TASK DETAILS -
Everything in the records below from the line containing "Amazing Lash Studio - Pasadena, CA" through the line containing "Ícone de sino para notificações" is to be reproduced exactly, those two lines included; no picture is to be copied.

SOURCE RECORDS -
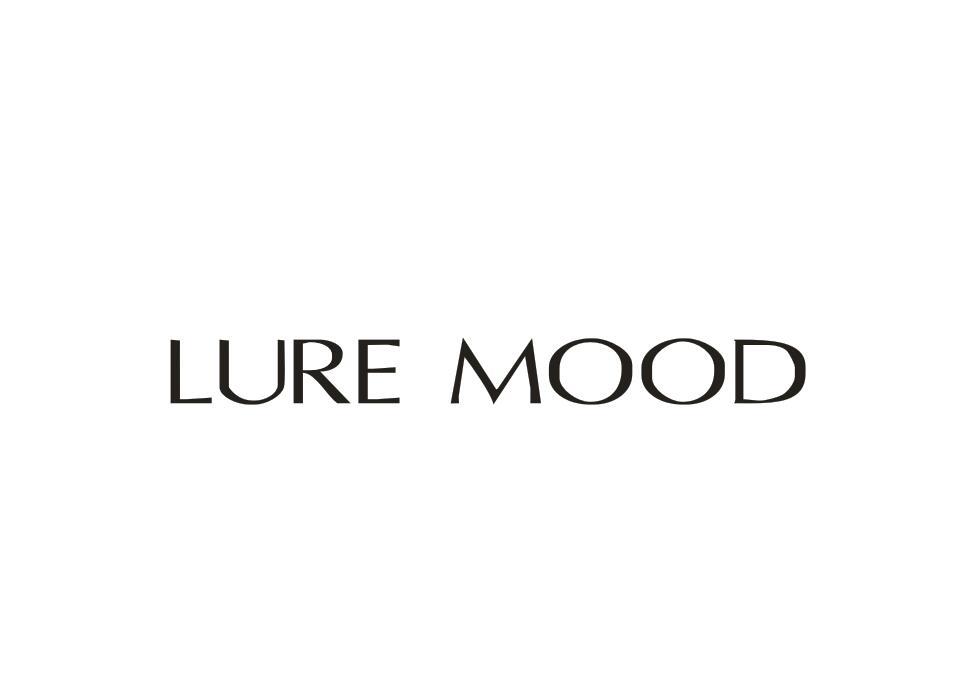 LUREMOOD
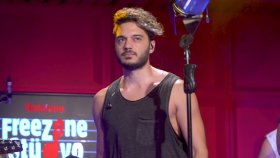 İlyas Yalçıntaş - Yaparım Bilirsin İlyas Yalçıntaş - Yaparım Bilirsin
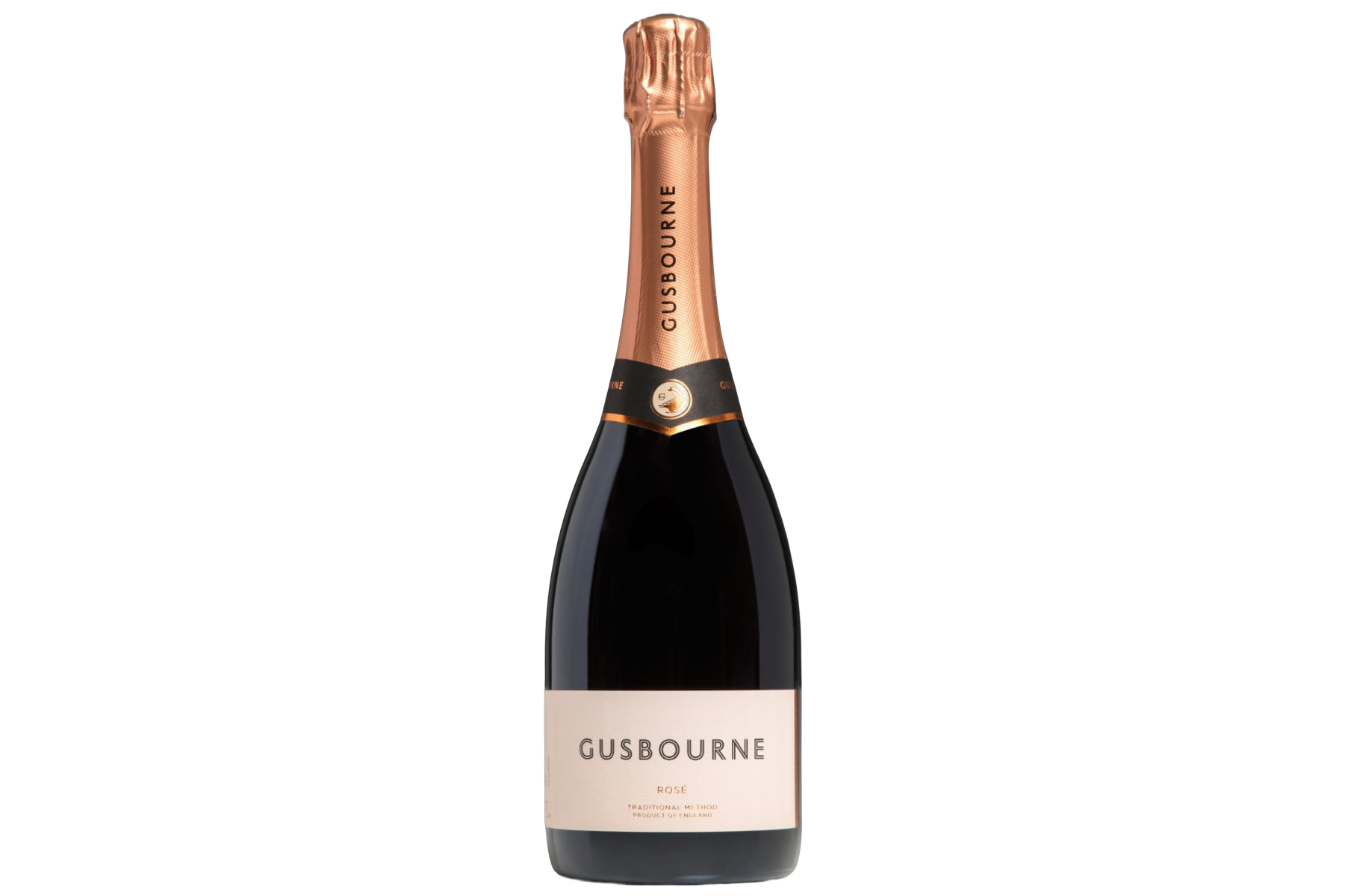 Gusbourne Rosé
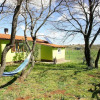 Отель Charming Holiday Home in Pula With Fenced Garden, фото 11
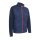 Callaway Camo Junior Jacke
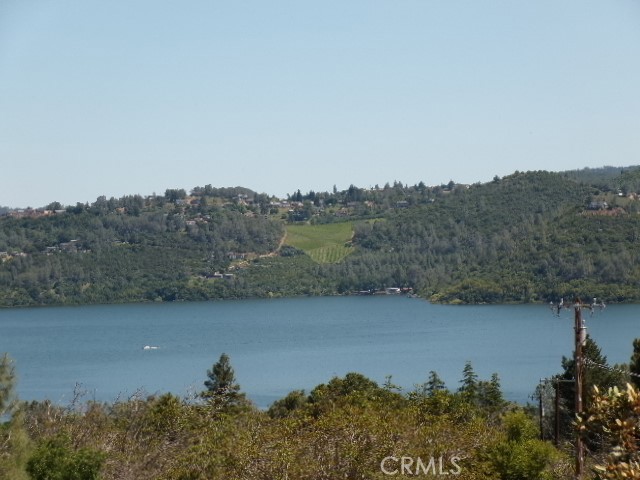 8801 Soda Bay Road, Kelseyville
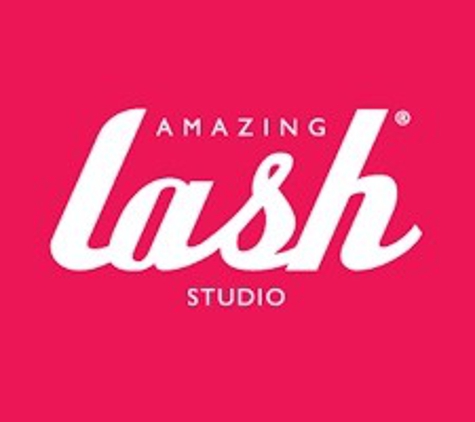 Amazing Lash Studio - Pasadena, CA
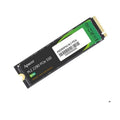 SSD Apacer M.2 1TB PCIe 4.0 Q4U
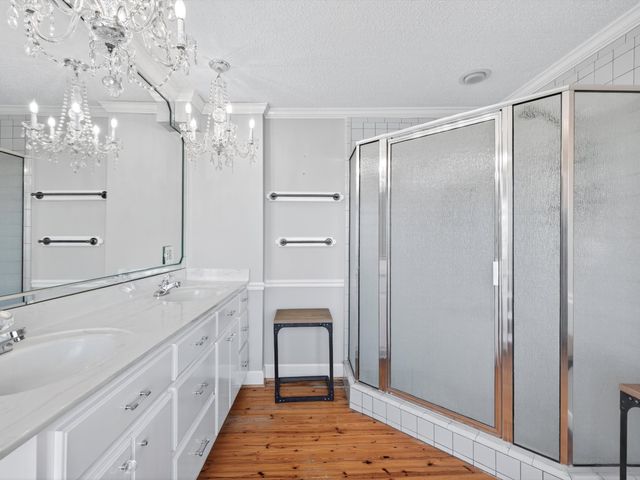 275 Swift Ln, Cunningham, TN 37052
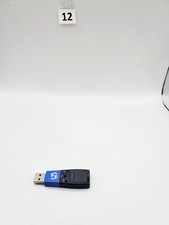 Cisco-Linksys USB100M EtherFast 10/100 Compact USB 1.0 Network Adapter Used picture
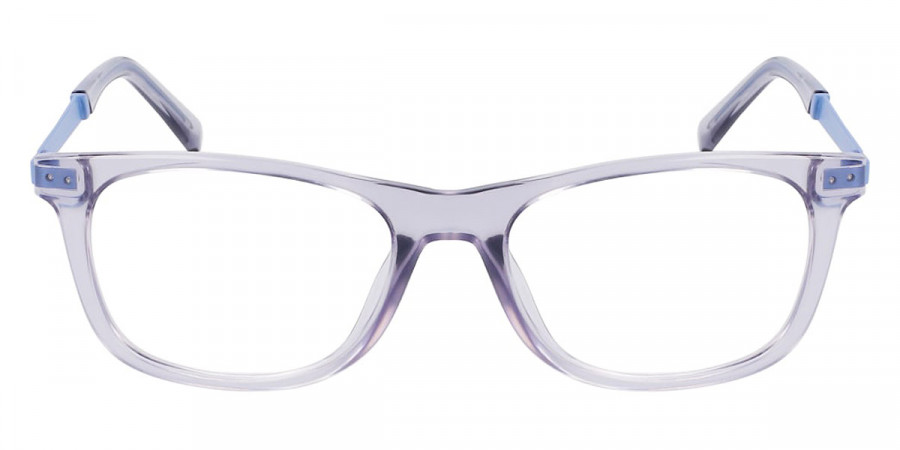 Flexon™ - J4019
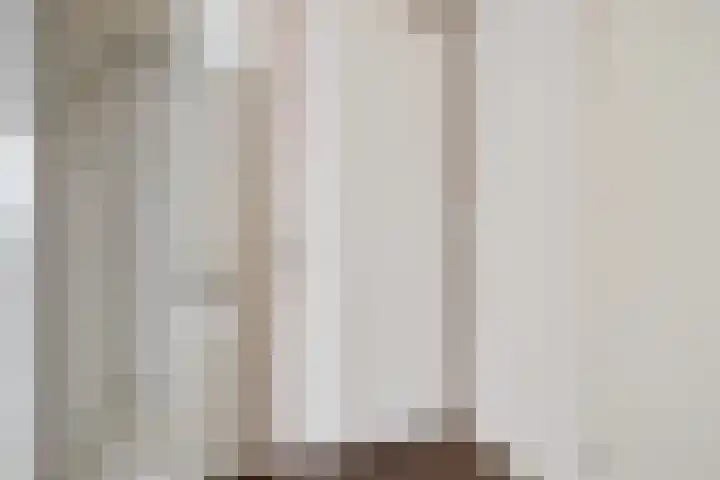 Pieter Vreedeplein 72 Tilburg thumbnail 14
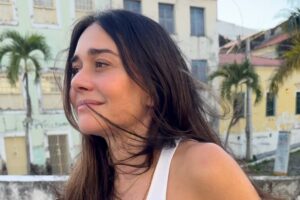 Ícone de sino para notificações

...

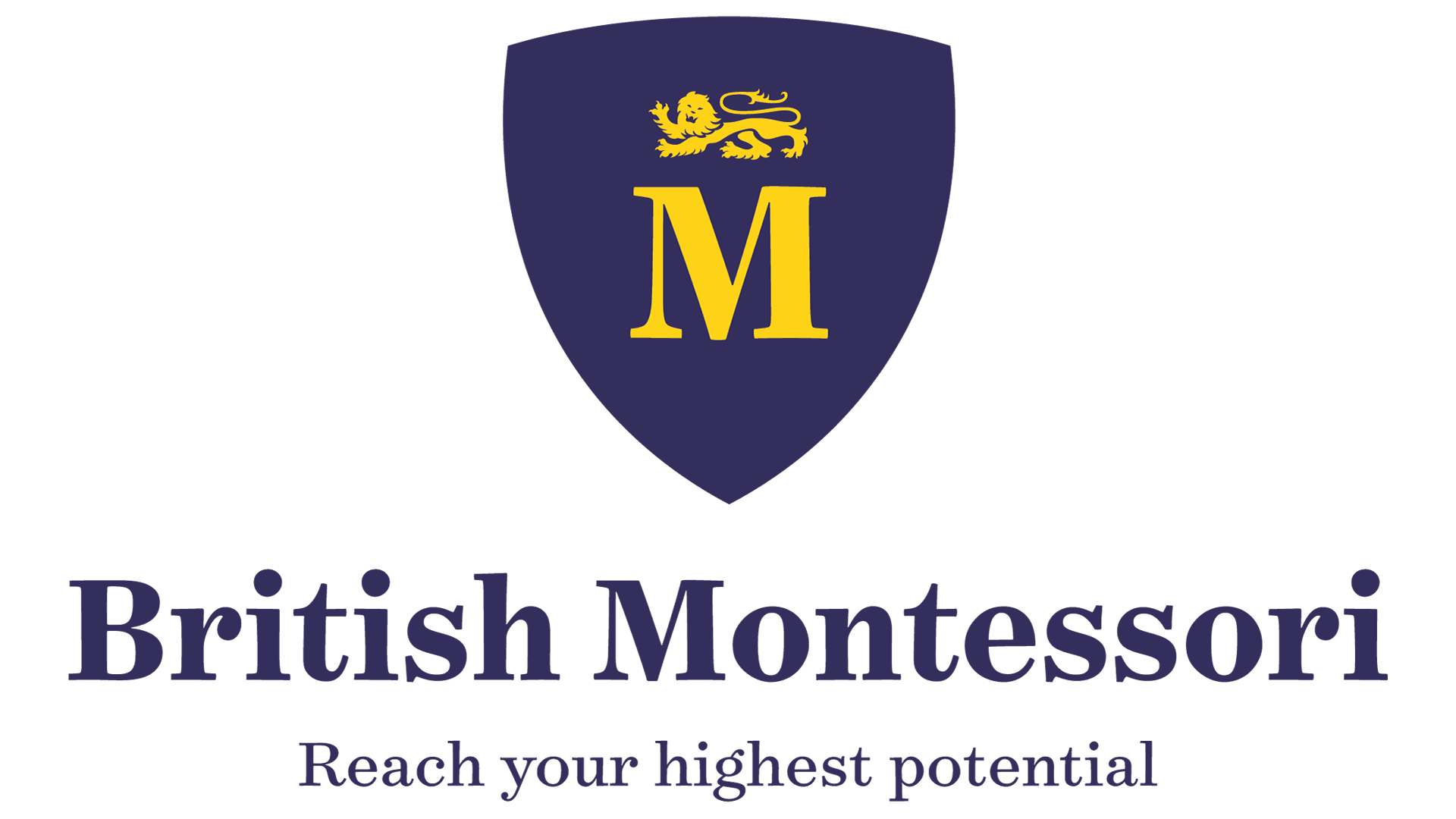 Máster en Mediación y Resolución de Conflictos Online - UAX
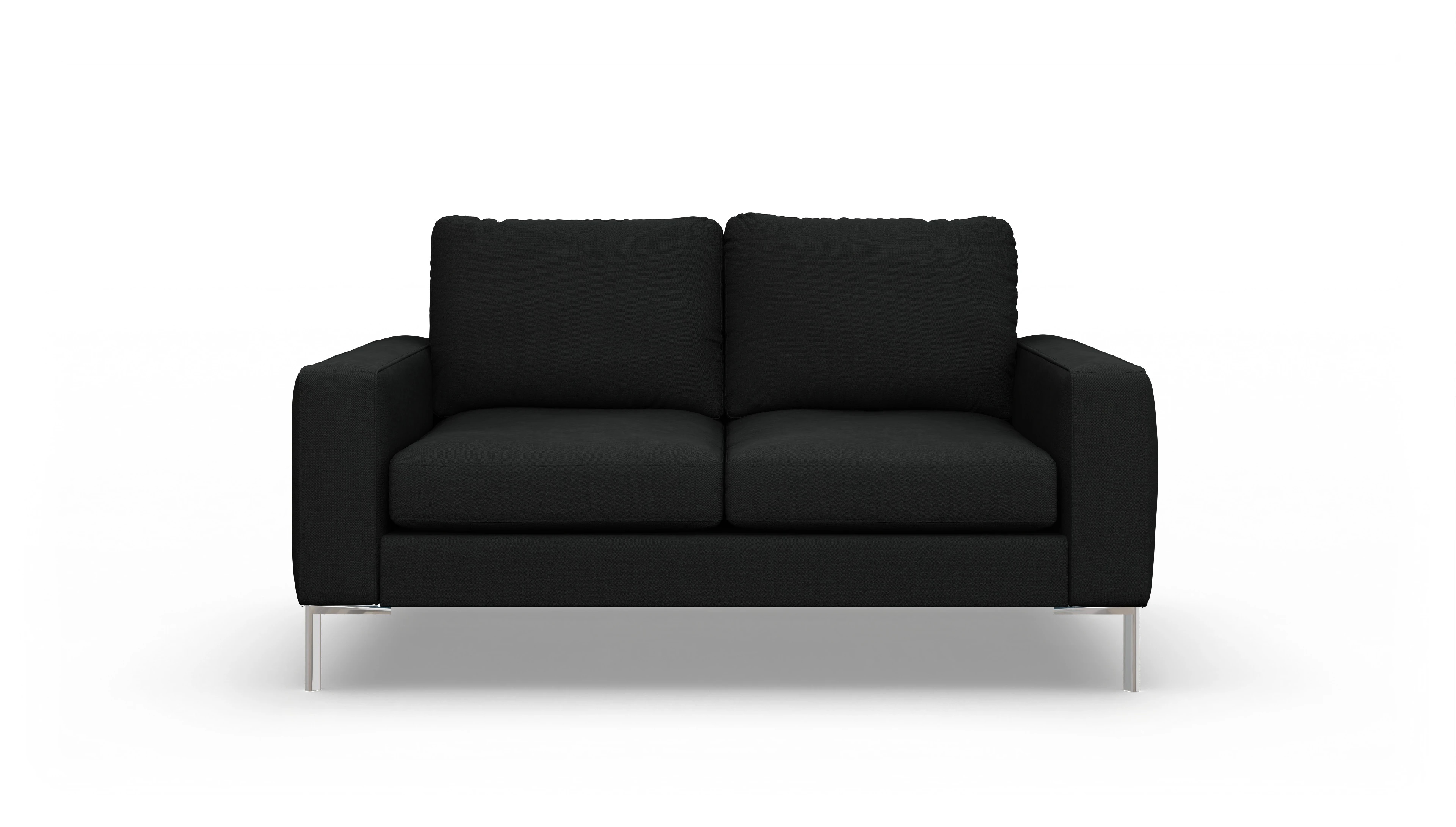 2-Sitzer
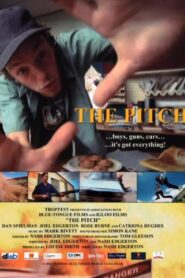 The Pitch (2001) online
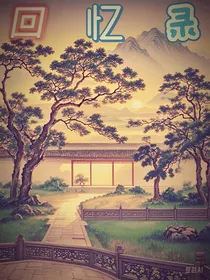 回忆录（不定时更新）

--

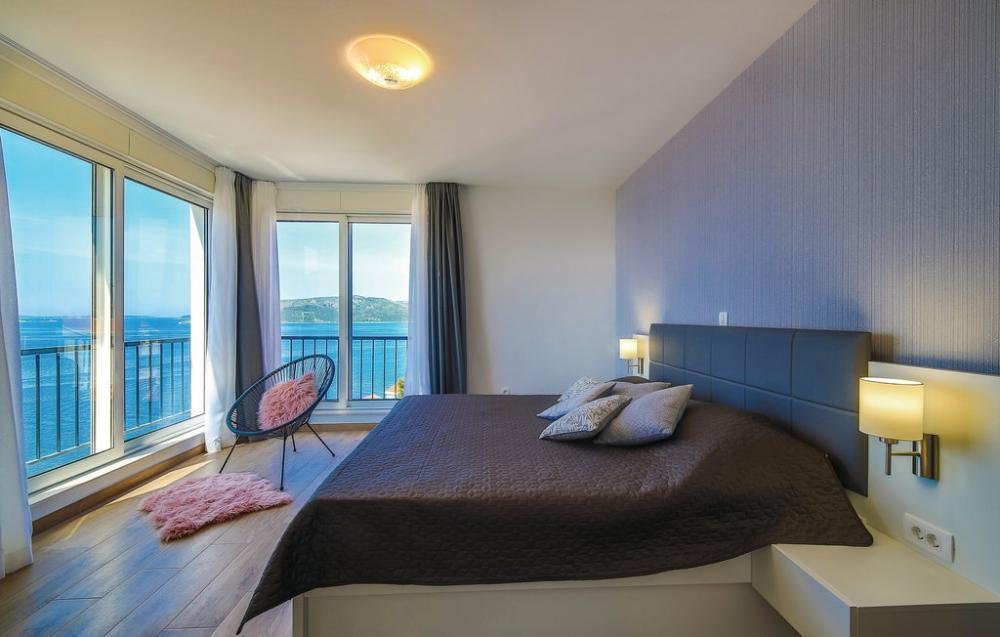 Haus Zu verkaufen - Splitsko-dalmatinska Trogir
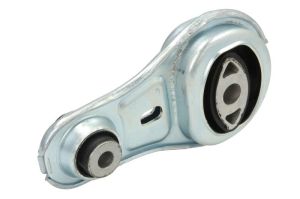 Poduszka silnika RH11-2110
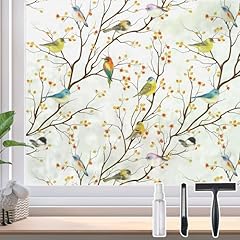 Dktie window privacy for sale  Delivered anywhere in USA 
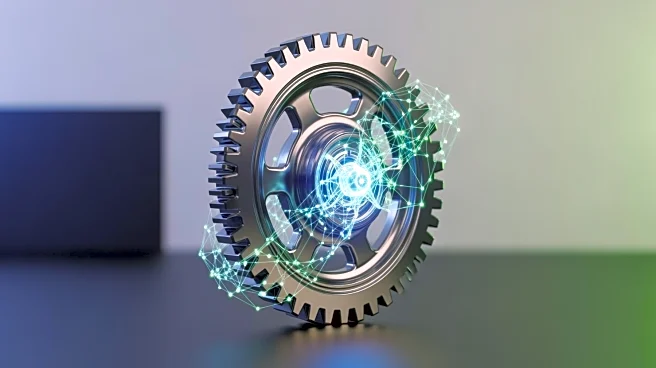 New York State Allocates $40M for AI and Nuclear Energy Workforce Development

COMPLETED EXERCISE -
 Amazing Lash Studio - Pasadena, CA
 SSD Apacer M.2 1TB PCIe 4.0 Q4U
 275 Swift Ln, Cunningham, TN 37052
 Cisco-Linksys USB100M EtherFast 10/100 Compact USB 1.0 Network Adapter Used picture
 Flexon™ - J4019
 Pieter Vreedeplein 72 Tilburg thumbnail 14
 Ícone de sino para notificações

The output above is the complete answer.